In the Divine Justice, it is God Himself who grants forgiveness to anybody out of Mercy. So in Guru Nanak's concept of human justice, the right to grant pardon or amnesty to the persons deserving or suffering punishment rests with the Sangat alone as it is the Sangat who represents God on the earth. Moreover, the person seeking apology and mercy must be sincere and genuine. He must really repent over misdeeds and make up his mind resolutely never to repeat the same. But a person, who commits the same error or misdeed repeatedly and seeks mercy, does not deserve pardon or amnesty from the Sangat.

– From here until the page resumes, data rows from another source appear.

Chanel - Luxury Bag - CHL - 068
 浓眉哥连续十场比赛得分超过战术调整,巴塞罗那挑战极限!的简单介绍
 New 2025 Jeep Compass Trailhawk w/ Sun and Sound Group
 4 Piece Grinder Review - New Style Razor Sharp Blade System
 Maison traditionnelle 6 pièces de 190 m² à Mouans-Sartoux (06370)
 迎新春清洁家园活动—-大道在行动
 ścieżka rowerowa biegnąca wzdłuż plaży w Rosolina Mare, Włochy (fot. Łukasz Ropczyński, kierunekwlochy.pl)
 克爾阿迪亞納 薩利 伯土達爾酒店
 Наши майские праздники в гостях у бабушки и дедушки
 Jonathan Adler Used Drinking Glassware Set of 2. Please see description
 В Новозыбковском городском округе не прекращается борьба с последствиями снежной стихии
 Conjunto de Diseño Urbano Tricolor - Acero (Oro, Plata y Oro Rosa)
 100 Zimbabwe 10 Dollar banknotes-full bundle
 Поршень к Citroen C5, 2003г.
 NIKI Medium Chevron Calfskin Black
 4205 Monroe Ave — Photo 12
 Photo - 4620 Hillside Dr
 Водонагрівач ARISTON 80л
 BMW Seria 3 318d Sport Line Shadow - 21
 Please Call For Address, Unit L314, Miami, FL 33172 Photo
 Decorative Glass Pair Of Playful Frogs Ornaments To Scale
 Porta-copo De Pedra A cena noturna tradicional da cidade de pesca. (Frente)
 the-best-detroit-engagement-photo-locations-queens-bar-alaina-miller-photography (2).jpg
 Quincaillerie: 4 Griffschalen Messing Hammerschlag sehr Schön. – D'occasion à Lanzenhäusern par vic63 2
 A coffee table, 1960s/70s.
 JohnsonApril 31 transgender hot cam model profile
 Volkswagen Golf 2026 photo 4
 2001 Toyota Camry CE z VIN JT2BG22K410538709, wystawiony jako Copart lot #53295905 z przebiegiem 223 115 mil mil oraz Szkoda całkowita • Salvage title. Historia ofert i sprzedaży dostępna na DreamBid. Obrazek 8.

Since Legal Justice is delivered in the light of law, therefore, it is imperative to know what Law is. According to the Chambers Twentieth Century Dictionary the word 'Law' means "a rule of action established by authority; statute : the rules of a community or state".82

Various thinkers have defined Law in different ways. Vinogradoff defines law as "set of rules imposed and enforced by a society with regard to the distribution and exercise of power over persons and things".83

According to Keeton, "A law is a rule of conduct, administered by those organs of a political society which it has ordained for that purpose and imposed in the first instance at the will of the dominating political authority in that society in pursuance of the conception of justice which is held by that dominating political authority or by those to whom it has committed the task of making such rules".84 Erksine says, "Law is the command of sovereign, containing a common rule of life for its subjects and - obliging them to obedience."85

Blackstone says,

"Law in its most general and comprehensive sense signifies a rule of action and is applied indiscriminately to all kinds of action whether animate or inanimate, rational or irrational. Thus we say, the laws of gravitation, of optics or mechanics, as well as the laws of nature and of nations."86

Green defines law as "the system of rights and obligations which the state enforces".87

Salmond defines law as "the body of principles recognised and applied by the state in the administration of justice".88

For Guru Nanak, the Divine Law sets the standards for Human Law to be followed by human beings in the domain of Legal justice.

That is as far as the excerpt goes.